* _DATA EXCERPT_
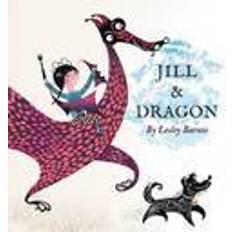 Books jill and dragon (Hardcover, 2015)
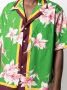 Valentino Garavani Bowlingshirt met logoprint Groen - Thumbnail 5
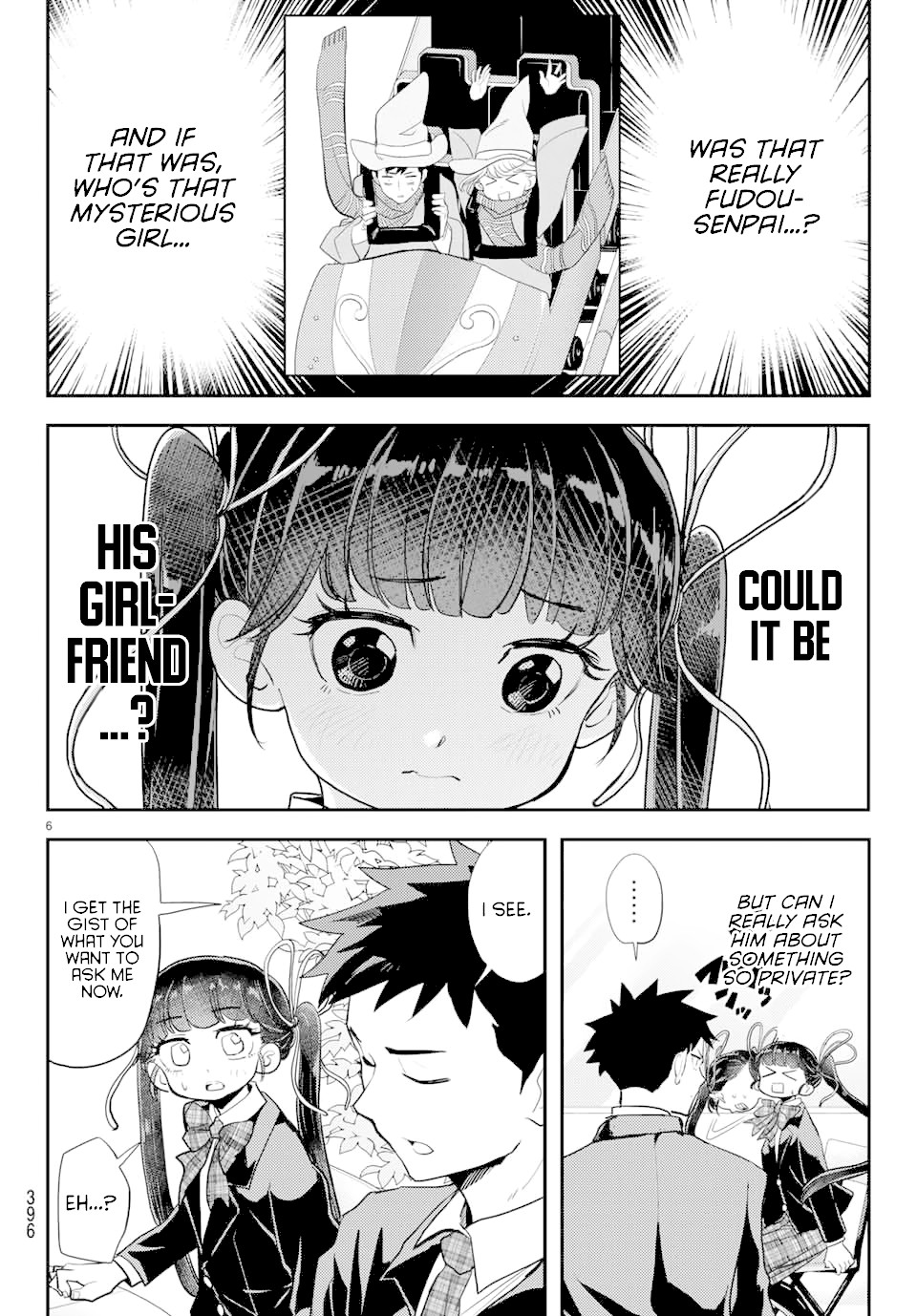 Love After World Domination Chapter 6 - Page 6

* _WHAT NEEDS TO BE DONE_
Could you return exactly the lines starting with the one that contains "Valentino Garavani Bowlingshirt" and ending with the last line of the data above? Leave the pictures out.

* _EXPECTED OUTPUT_
 Valentino Garavani Bowlingshirt met logoprint Groen - Thumbnail 5
 Love After World Domination Chapter 6 - Page 6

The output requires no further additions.